Ces techniques ont permis la confection de différents outils : pointes à face plane au Solutréen ancien, pièces bifaciales d’une grande finesse, appelées « feuilles de laurier » au Solutréen moyen, « feuilles de saule » et pointes à cran au Solutréen final. Le reste de l’outillage correspond au fond commun du Paléolithique supérieur : grattoirs, burins, perçoirs, lamelles à dos.

Les matières dures animales (os, bois de rennes) sont également couramment utilisées au Solutréen (lissoirs, percuteurs, armatures de sagaies, etc.). Deux inventions majeures apparaissent à la fin du Solutréen, l’aiguille à chas et le propulseur.

Art solutréen :

L’art pariétal solutréen est connu notamment par la frise sculptée du Roc-de-Sers et une partie des peintures de la Grotte Cosquer. L’art rupestre de la Vallée du Coâ au Portugal est également rattaché au Solutréen.

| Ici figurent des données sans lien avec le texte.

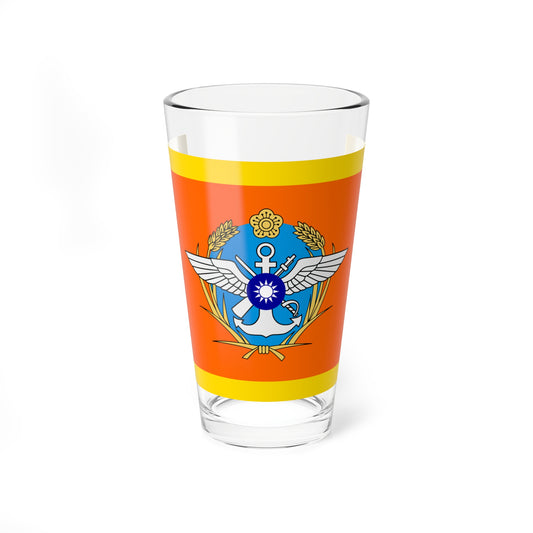 ROC General Chief of Staff of the Ministry of National Defense Flag (China) Pint Glass 16oz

Une analyse C14 pour la Lascaux, sur des déblais du Puits, tendrait à vieillir les trois datations précédentes (17 000 BP), avec un âge situé à 18900 BP, à la charnière du Solutréen supérieur et du Badegoulien. Mais les méthodes de mesure étaient différentes et surtout il n'y a aucun objet solutréen dans l'unique couche archéologique, mais uniquement de très nombreux objets du Magdalénien.

Hypothèse de diffusion :

Récemment, deux archéologues anglo-saxons ont trouvé des similitudes entre l’industrie solutréenne et les outils tardifs du site de Clovis (Nouveau-Mexique, États-Unis). Ils ont alors suggéré que les solutréens avaient traversé l’Océan Atlantique durant l'époque glaciaire en longeant ses rivages glacés par cabotage, à l’aide de techniques de survie similaires à celles du peuple inuit actuel. Des recherches sur l'ADN mitochondrial de type « haplogroupe X » présent en Europe et chez certains peuples d'amérindiens indiqueraient la présence d'une lignée européenne ; de plus, les ressemblances trouvées par certains linguistes entre le basque, langue pré-indoeuropéenne, et l'algonquin iraient dans le sens de cette thèse. Toutefois, cette hypothèse reste très controversée et différents auteurs considèrent que les similitudes entre pièces bifaciales solutréennes et amérindiennes résultent de convergences morphologiques et techniques.